Come avevamo previsto, Juncker intende rompere l'inerzia di una gestione dell'euro area in cui la gerarchia finanziaria tra i Paesi ha dato forma a una gerarchia politica. L'euro area è divisa tra governi dei Paesi forti e dei Paesi deboli e in questo assetto la cancelliera Merkel ha assunto la leadership. Le elezioni greche, in cui la critica alla Germania ha catalizzato il consenso per Syriza, sono un sintomo di come i rapporti gerarchici siano un fattore di instabilità per l'euro area. Il diffondersi di sentimenti anti-europei in molti Paesi riflette una sofferenza politica che né Bruxelles né Berlino possono sottovalutare.

Il fatto che il governo greco stia accettando la cornice degli accordi esistenti è un potente monito anche per gli altri movimenti politici euro-scettici. Ma un'unione per necessità non significa un'unione per scelta, e ciò lascia in dubbio la tenuta politica dell'euro-area. In particolare se le condizioni economiche tra i Paesi continueranno a divergere o se mancheranno meccanismi di solidarietà.
La prospettiva di divergenza, virtuosa, viene proprio dalla Germania. Se Berlino manterrà il proposito di pareggiare il bilancio negli anni a venire, il debito pubblico tedesco scenderà molto rapidamente. Nel 2019 sarà già al 60% del Pil, come prevedono le organizzazioni internazionali. Ma se la politica di azzerare il deficit - facilitata dal surplus commerciale - venisse mantenuta anche nel decennio successivo, il debito tedesco arriverebbe rapidamente al 30%.

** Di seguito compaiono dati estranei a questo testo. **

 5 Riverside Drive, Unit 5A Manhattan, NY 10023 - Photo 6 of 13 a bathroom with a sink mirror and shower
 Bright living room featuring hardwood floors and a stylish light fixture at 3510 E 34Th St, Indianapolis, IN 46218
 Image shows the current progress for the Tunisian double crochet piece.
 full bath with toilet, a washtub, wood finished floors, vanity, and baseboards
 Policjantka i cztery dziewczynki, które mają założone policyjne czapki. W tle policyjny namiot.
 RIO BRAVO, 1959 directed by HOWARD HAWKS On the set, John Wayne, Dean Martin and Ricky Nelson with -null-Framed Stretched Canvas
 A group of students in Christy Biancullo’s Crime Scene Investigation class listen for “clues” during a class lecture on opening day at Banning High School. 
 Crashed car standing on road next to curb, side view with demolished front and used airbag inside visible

La notizia cattiva è che, con un debito tedesco molto basso, di eurobond non sentiremmo parlare più.
Senza titoli tedeschi ad alimentarli, gli euro-titoli sarebbero o pochi, o composti soprattutto da titoli italiani e francesi. Osservando il profilo di lungo termine del debito tedesco, appare finalmente chiara la ragione che rende Merkel così contraria a ogni forma di mutualizzazione del debito europeo. Ma senza eurobonds e con il paese leader quasi senza debiti, i tassi d'interesse continueranno a essere diversi nei vari paesi, rendendo asimmetrica la coesistenza economica dei paesi dell'euro area. In prospettiva saranno diversi anche i livelli di tassazione. Le ripercussioni sulla concorrenza all'interno del sistema europeo possono essere significative.

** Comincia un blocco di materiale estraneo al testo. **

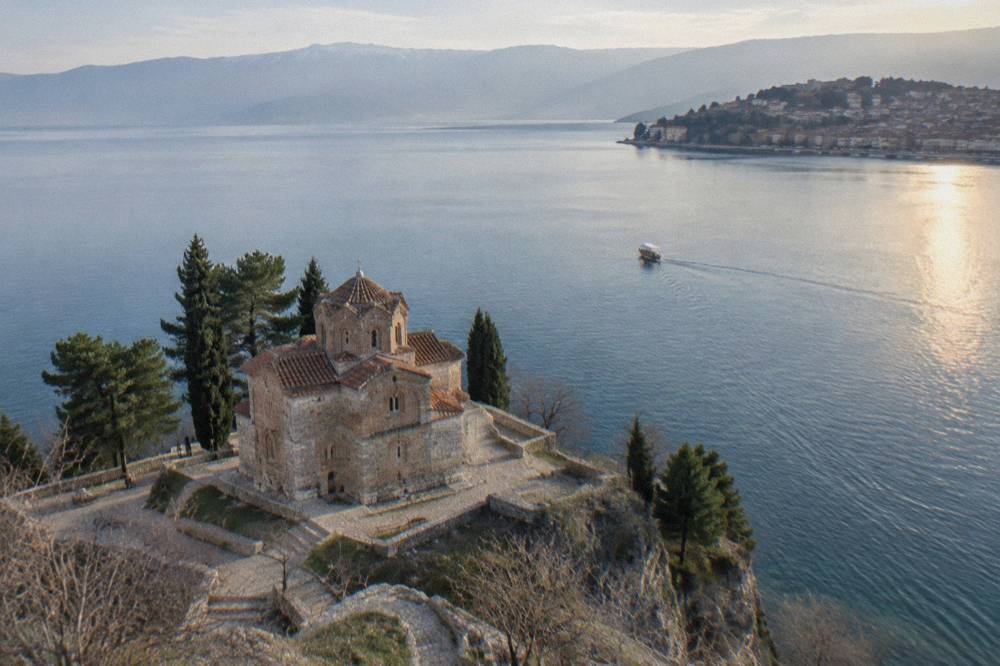 A small boat crossing calm water toward Ohrid old town at sunset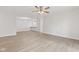 Open living space with a ceiling fan and view into the kitchen, showcasing an easy flow at 8720 Yardley Ct # 100, Indianapolis, IN 46268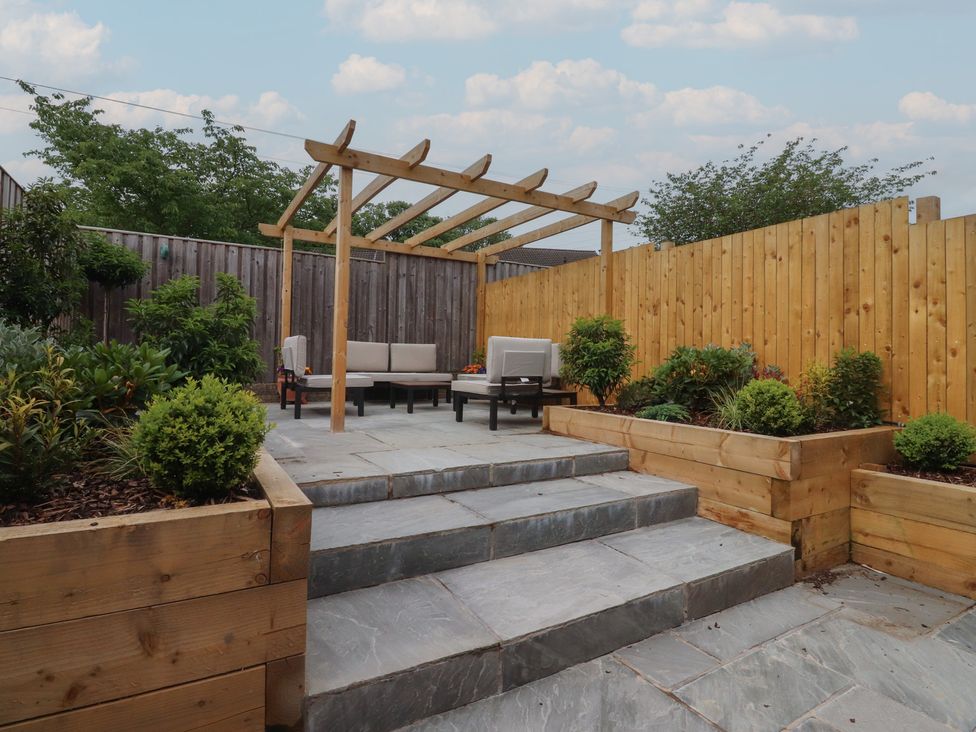A garden with a wooden pergola and outdoor seating at 42 Windsor Avenue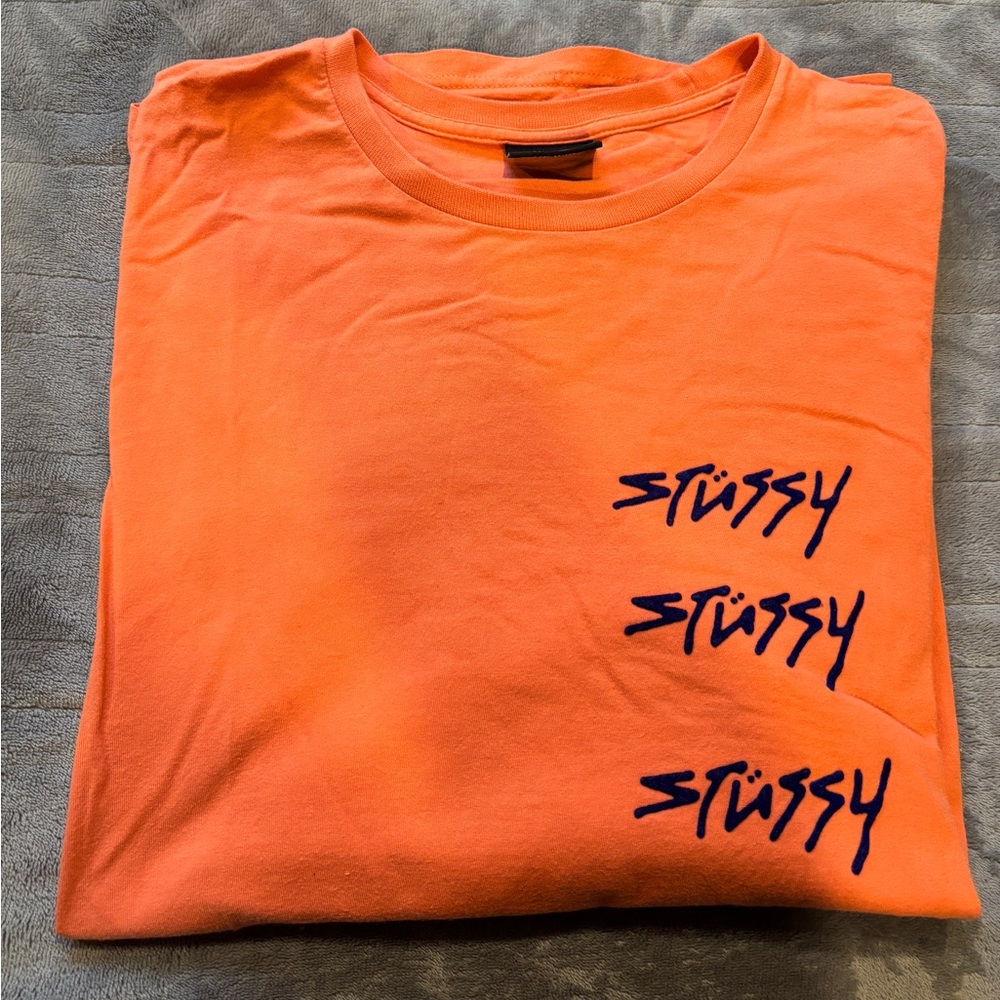 Stussy Orange Long Sleeve Tee with Purple Logo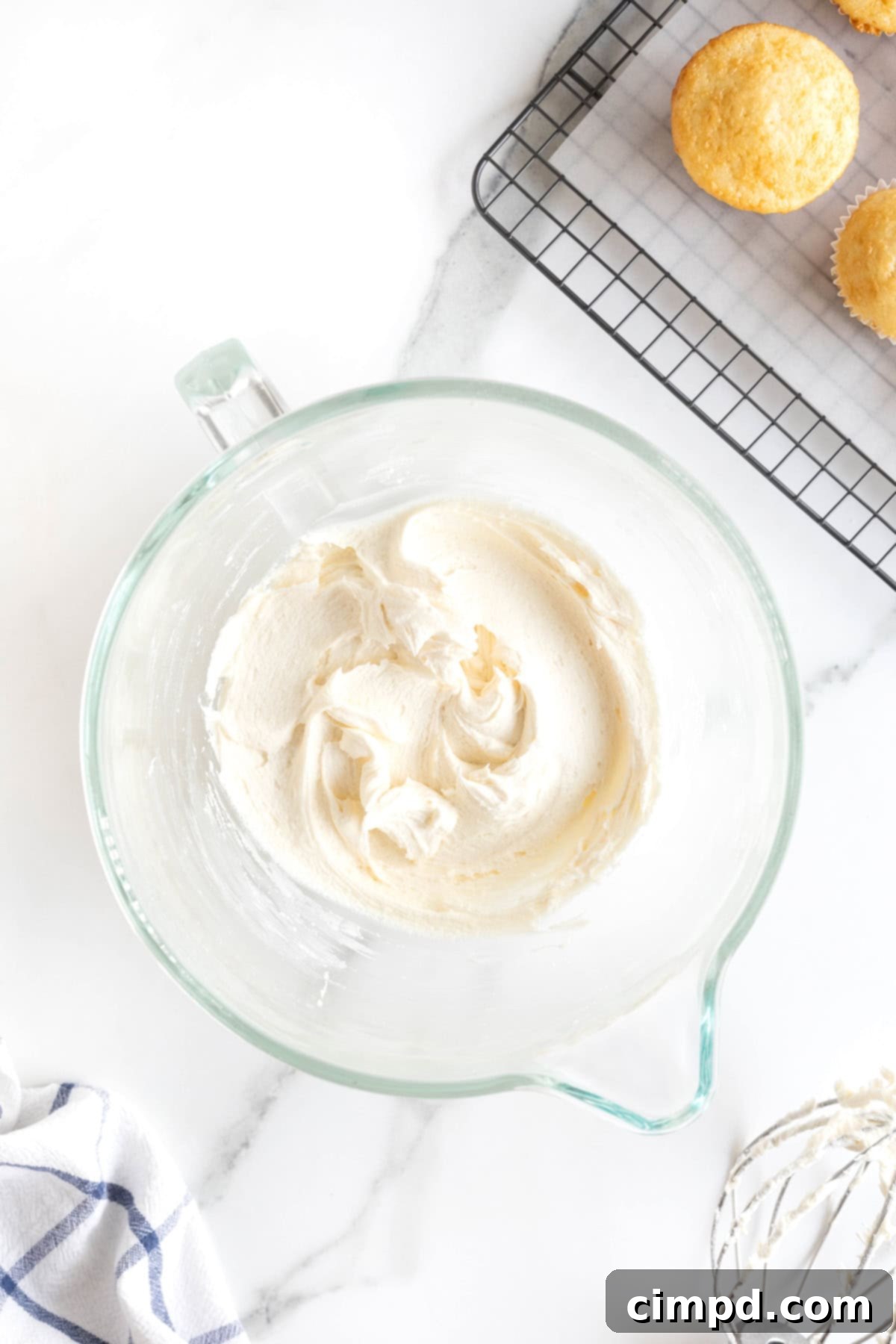 Foolproof Buttercream Frosting 10 A glass bowl of buttercream frosting on a white marble counter.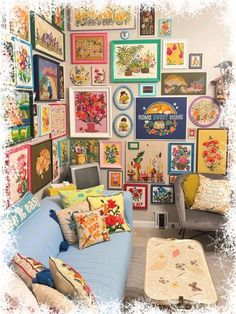 a living room filled with lots of colorful pictures on the wall and couches covered in pillows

Un'alternativa agli eurobonds sarebbe l'adozione di un target di riduzione del debito pubblico al 60% non per singoli paesi, ma per l'euro area nel suo complesso. In tal caso, se la Germania proseguisse la politica di pareggio di bilancio portando il debito al 30% aprirebbe margini per una convergenza più graduale dei paesi indebitati. Ma anche se la nuova regola incentivasse Berlino a frenare il calo del proprio debito fermandolo al 60%, l'effetto sarebbe di stimolo per l'economia europea. Come si capisce le sorti del “duello” Juncker-Merkel sono decisive per tenere insieme paesi con politiche economiche e strutture industriali diverse.

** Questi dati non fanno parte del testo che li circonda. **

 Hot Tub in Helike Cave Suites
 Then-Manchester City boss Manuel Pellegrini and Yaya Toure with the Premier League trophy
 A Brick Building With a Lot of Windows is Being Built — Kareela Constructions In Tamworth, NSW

Anche nel momento di maggior forza della leadership della cancelliera Merkel, Juncker gode di una legittimazione democratica dovuta al fatto di essere stato candidato alla Commissione dal partito popolare nella vittoriosa campagna elettorale per il Parlamento europeo - e può far leva sulla leggera inerzia verso l'integrazione rimasta latente anche nei provvedimenti recenti. Nell'unione bancaria sono stati accettati elementi di mutualizzazione dei contributi al fondo di risoluzione delle banche (benché rinviati di otto anni); il piano investimenti di Juncker, pur deludente, non discrimina per paese la destinazione dei fondi messi in comune ed è stato implementato attraverso legislazione ordinaria del Parlamento europeo; l'introduzione dei nuovi margini di flessibilità fiscale nel patto di stabilità è passata da una semplice comunicazione della Commissione nonostante l'opposizione tedesca e seppur accettando una autolimitazione della discrezionalità; infine l'operazione di allentamento quantitativo da parte della Bce prevede una parte (il 20%) di condivisione dei rischi derivanti dall'acquisto di titoli dell'euro area. Sono pochi segnali.

Lontani dall'impianto di risposta coordinata alla crisi che sarebbe necessaria. Ma su di essi grava l'ombra dei ritardi nelle riforme strutturali di alcuni paesi e della persistente divergenza “virtuosa” della Germania. La pressione sugli altri paesi – Italia prima di tutti – affinché aumentino la propria produttività resta un elemento positivo di non-coordinamento, ma il vantaggio competitivo di una Germania senza debiti, con minori tasse e con uno surplus di parte corrente che continua a crescere, potrebbe diventare economicamente e politicamente insostenibile se non si riuscisse a creare condizioni di uniformità fiscale, di modello sociale e di riforme strutturali in tutti i paesi. In altre parole: se non si procederà all'unione politica.